Impressions, Louis Guédet, Notaire et Juge de Paix à Reims. Récits et impressions de guerre d'un civil rémois 1914-1919, journal retranscrit par François-Xavier Guédet son petit-fils
Paul Hess
Bombardement et canonnade épouvantable, l’après-midi.
La sérénade infernale commence vers 15 heures, par les départs, espacés d’environ huit à dix minutes, de la grosse pièce entendue hier pour la première fois ; elle se continue ensuite, à partir de 16 h, d’une façon ininterrompue jusqu’à 17 h 1/2.
- Ce jour, paraît-il, ordre aurait été lu aux troupes, de l’offensive générale sur le front.

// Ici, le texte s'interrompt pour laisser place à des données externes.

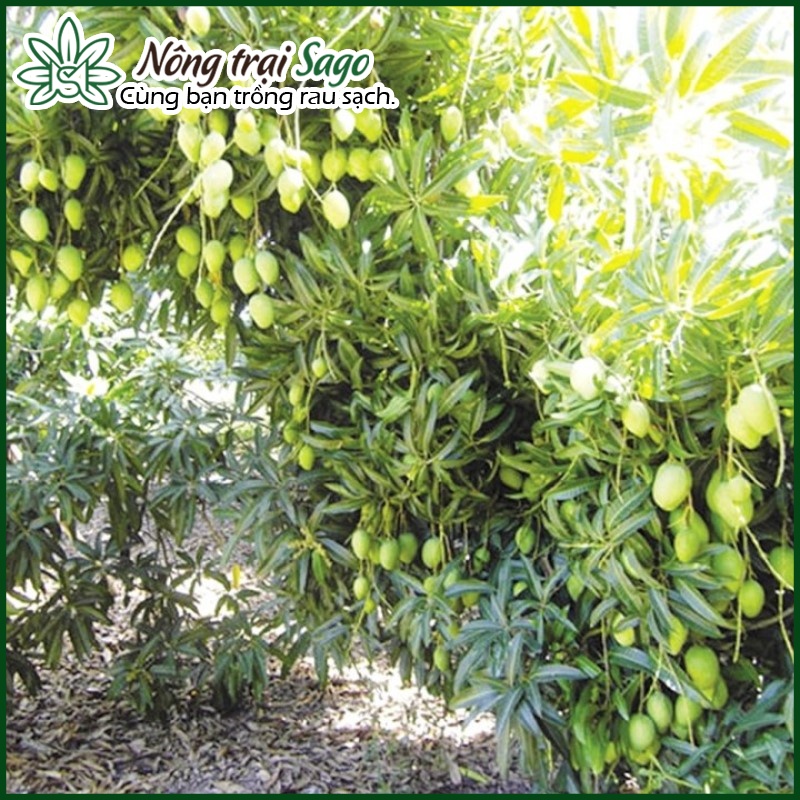 Phân bón NPK MINRO 15-5-20 (túi 1kg) phân bón hỗn hợp Ra hoa, ra trái - Nuôi hoa, nuôi trái - Nông Trại Sago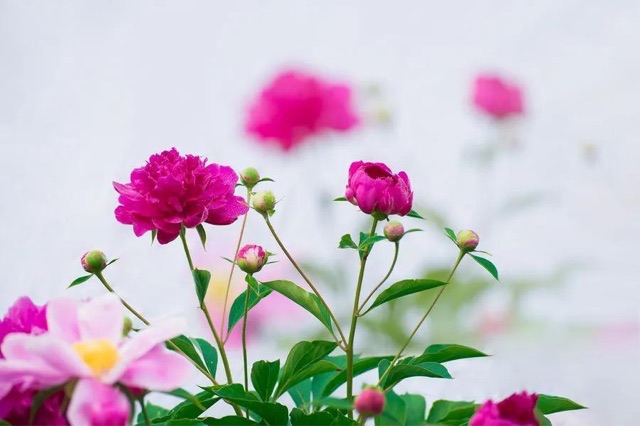 网络配图 网络配图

Paul Hess dans Reims pendant la guerre de 1914-1918, éd. Anthropos
Cardinal Luçon
Vendredi 24 – Nuit tranquille pour Reims. Très violent bombardement sur la ville. 3 soldats tués aux caves Champion : en tout, cinq personnes tuées sur le coup, la 6ème, blessée, est morte le dimanche 26, raconte Elvire capitaine des pompiers. De 3 1/2 à 5 h. 1/2, les Allemands visaient les batteries ; réception des petits paquets du Soldat, envoyés par M. Cottard- Josserand. Via Crucis in Cathedrali.
Cardinal Luçon dans son Journal de la Guerre 1914-1918, éd. par L’Académie Nationale de Reims – 1998 – TAR volume 173
Vendredi 24 septembre
La lutte d’artillerie se poursuit en Artois et spécialement autour de Souchez et de Neuville. Les Allemands ont jeté sur Arras et les environs des obus incendiaires qui ont allumé des foyers rapidement éteints. Lutte de bombes et de grenades à Quennevières. Canonnade réciproque en Champagne, à la lisière de l’Argonne.

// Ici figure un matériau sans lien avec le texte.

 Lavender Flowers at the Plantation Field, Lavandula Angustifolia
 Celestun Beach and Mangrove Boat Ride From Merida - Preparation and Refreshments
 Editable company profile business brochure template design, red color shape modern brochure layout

Tir efficace de nos batteries entre Meuse et Moselle; lutte de bombes et de torpilles en forêt d’Apremont.
En Lorraine, nous bombardons les positions allemandes au nord de Nomény, et près d’Emberménil, de Leintrey, de Gondrexon et de Domèvre.
Un dirigeable français a bombardé plusieurs gares pour paralyser des mouvements de troupes ennemies. Nos avions ont opéré au-dessus des gares d’Offenbourg, de Conflans et de Vouziers, au-dessus des cantonnements de Langemark et de Middelkerke.
Les Russes ont pris une vigoureuse offensive dans la région au nord-ouest de Minsk et capturé des groupes ennemis, tandis que d’âpres combats se déroulent près de Dwinsk.
Les Italiens ont progressé dans plusieurs vallées alpines.
En réponse aux préparatifs qu’on signale en Bulgarie, la Grèce prend des mesures de défense.
Le congrès libéral de Moscou (assemblées provinciales et municipales) a décidé d’envoyer des délégués au tsar.